=== TASK DIRECTIONS ===
Pictures aside, repeat the listing below exactly.

[[ STORED DATA open ]]

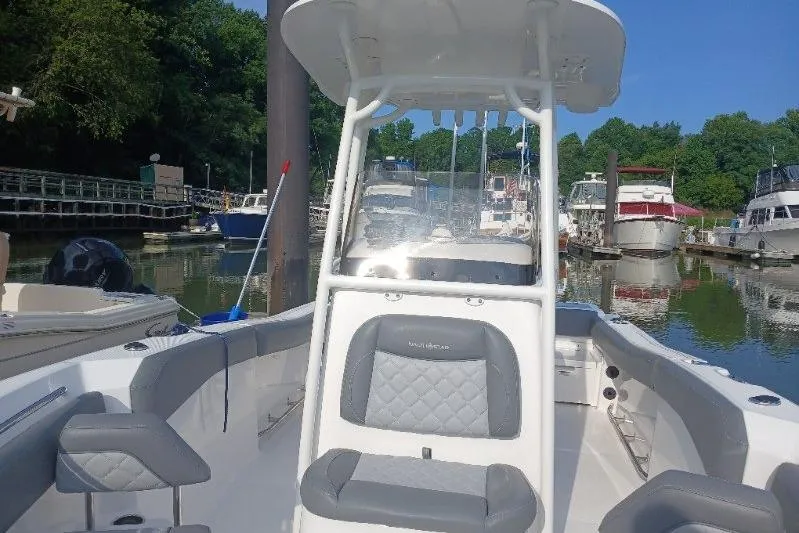 Slide: The Image of 2024 NauticStar 222L Offshore boat docked in a marina, featuring sleek seating and console. - 5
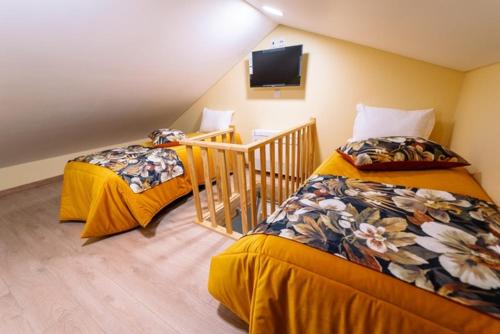 a room with two beds and a tv on the wall at Casa 14 in Sabugal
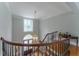 Elegant staircase with wrought iron railings and a stylish pendant light fixture above at 8470 Lazy Oaks Ct, Atlanta, GA 30350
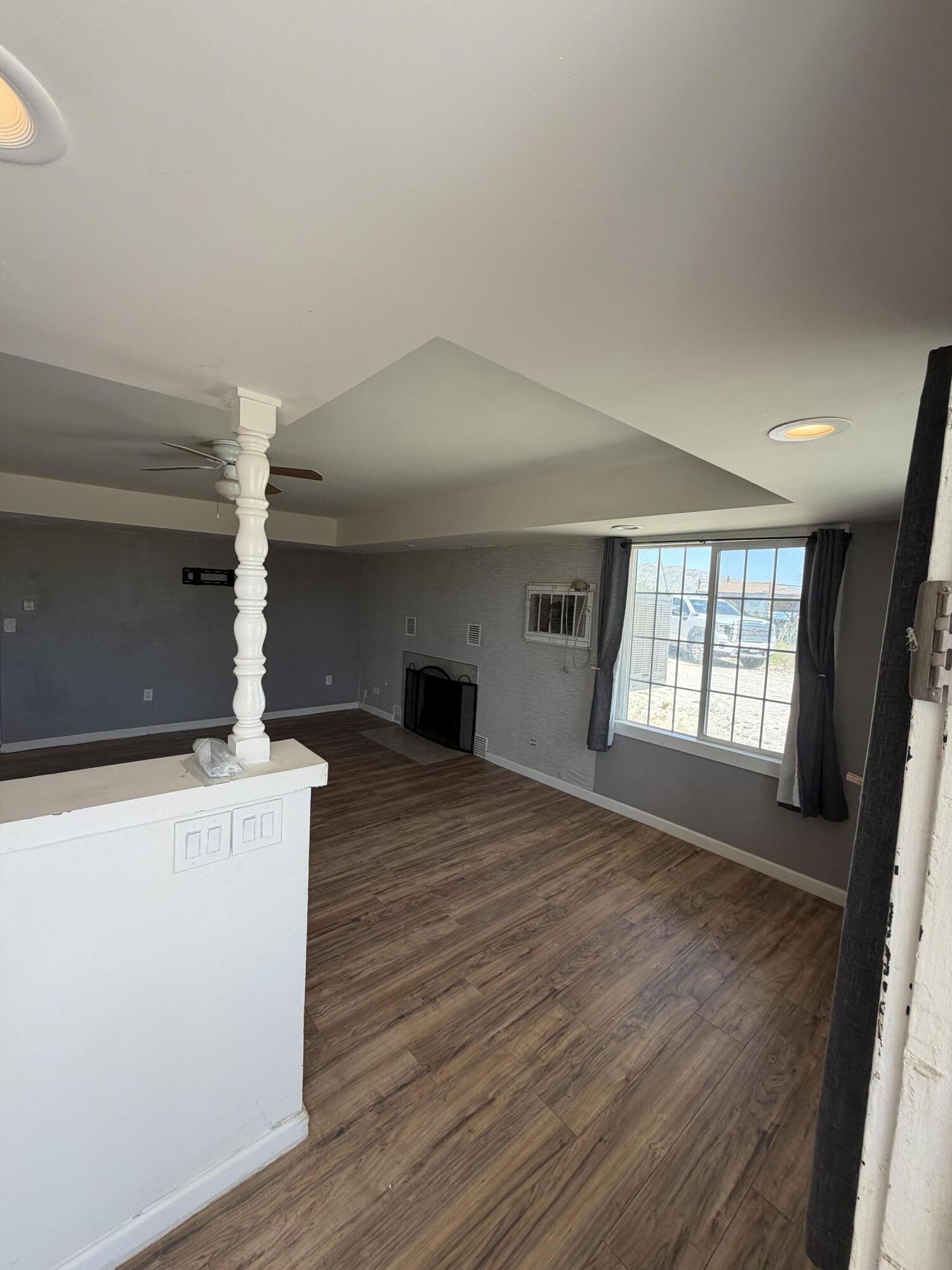 50988 Canyon Road Morongo Valley, CA 92256 - Photo 12 of 68 wooden floor in an empty room with a window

[[ STORED DATA closed ]]

=== EXERCISE OUTPUT ===
 Slide: The Image of 2024 NauticStar 222L Offshore boat docked in a marina, featuring sleek seating and console. - 5
 a room with two beds and a tv on the wall at Casa 14 in Sabugal
 Elegant staircase with wrought iron railings and a stylish pendant light fixture above at 8470 Lazy Oaks Ct, Atlanta, GA 30350
 50988 Canyon Road Morongo Valley, CA 92256 - Photo 12 of 68 wooden floor in an empty room with a window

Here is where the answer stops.